Wednesday, January 9, 2013

What Dispute? US Supreme Court Issues Decision in Los Angeles County Appeal

The much-anticipated opinion in Los Angeles County Flood Control District  v. Natural Resources Defense Council has been issued by the US Supreme Court, although it ended with more of a whimper than a bang. Rather than a seminal discussion of what constitutes a point source discharge, which many of us had been hoping for, the decision  turned on the sole question of whether flow of polluted water  from a concreted part of the river into an unconcreted portion  constitutes a point source discharge.    Based on  South Fla. Water Management District v. Miccousukee Tribe 541 US 95 (2004), the answer to that question was clearly no, and the Ninth Circuit was reversed.

The interesting point to me was that, during oral argument,  all parties to the case and the US as amicus curiae had agreed  that the flow of water from one section of the Los Angeles River (the concreted portion) to the natural section was not a point source. Since that was the sole point the Supreme Court agreed to decide, the result was a foregone conclusion.  The NRDC tried to persuade the Court that  the Ninth Circuit reached the right conclusion for the wrong reason.  They argued that the fact that water quality  monitors in the lower part of the river  showed the existence of water quality standard violations was sufficient to establish the District's liability for its storm water discharges that occurred upstream of the monitoring points. The Supreme Court (Ginsberg) offered no opinion on that question, pointedly noted that it was not the question they agreed to decide.

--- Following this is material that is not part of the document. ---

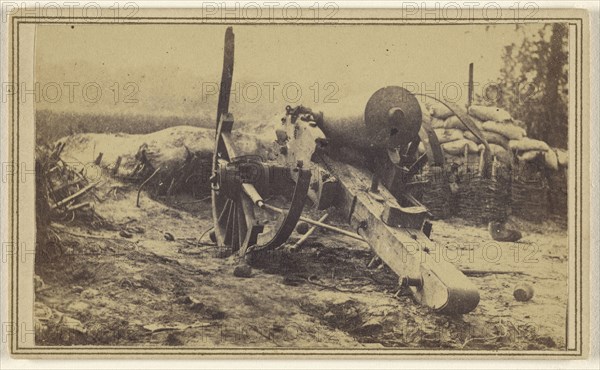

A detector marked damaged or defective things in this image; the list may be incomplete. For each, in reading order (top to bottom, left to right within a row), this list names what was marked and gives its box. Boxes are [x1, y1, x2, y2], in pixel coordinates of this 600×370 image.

damaged cannon [209, 27, 480, 314]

It had been my understanding, after reading the Ninth Circuit's decision, that it had decided a different question - whether Los Angeles County was responsible for the storm water discharges into the Los Angeles River, where it is merely providing a conduit for the storm water, and is not itself adding pollutants. I would be embarrassed by that misreading, except that Justice Ginsburg notes in a footnote that the NRDC and the US "suggest that the Court of Appeals misperceived the facts, erroneously believing that the monitoring stations for the Los Angeles and San Gabriel Rivers 'were sampling water from a portion of the MS4 [storm water collection system] that was distinct from the rivers themselves and from which discharges through an outfall to the rivers subsequently occurred.'"  So  I wasn't the only one mislead by the Ninth Circuit, it appears.